■ Given material:
== == ==

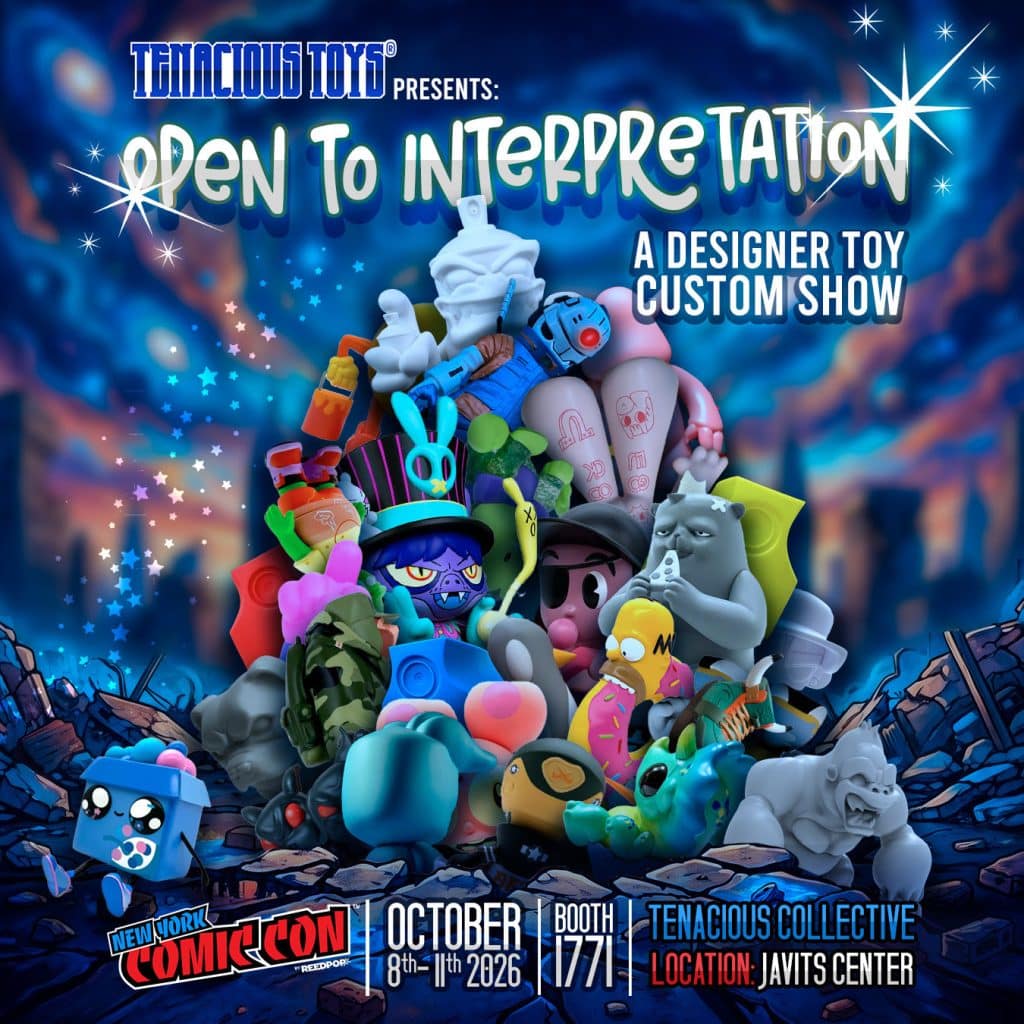 A colorful display of designer toys featuring various characters and figures, promoting the 'Open to Interpretation' custom show by Tenacious Toys at New York Comic Con 2026, with details about the event date, booth number, and location.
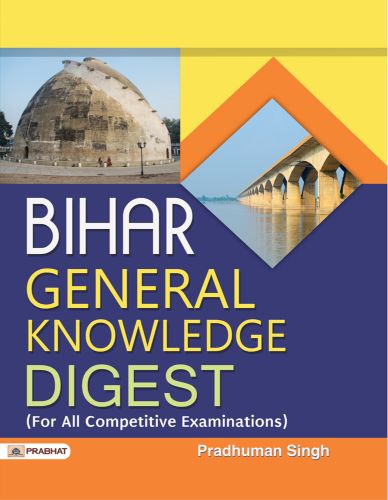 Prabhat Bihar General Knowledge Digest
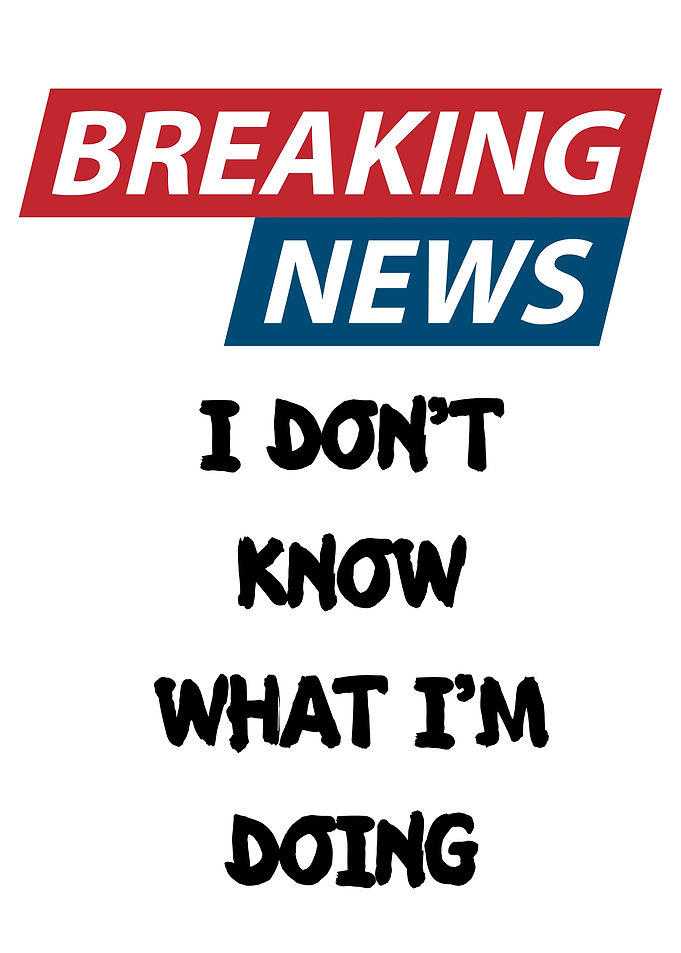 Breaking News: I Don't Know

== == ==

■ Exercise objective: The whole listing is to be written out exactly; the pictures stay out of the copy.

■ Result of the exercise:
 A colorful display of designer toys featuring various characters and figures, promoting the 'Open to Interpretation' custom show by Tenacious Toys at New York Comic Con 2026, with details about the event date, booth number, and location.
 Prabhat Bihar General Knowledge Digest
 Breaking News: I Don't Know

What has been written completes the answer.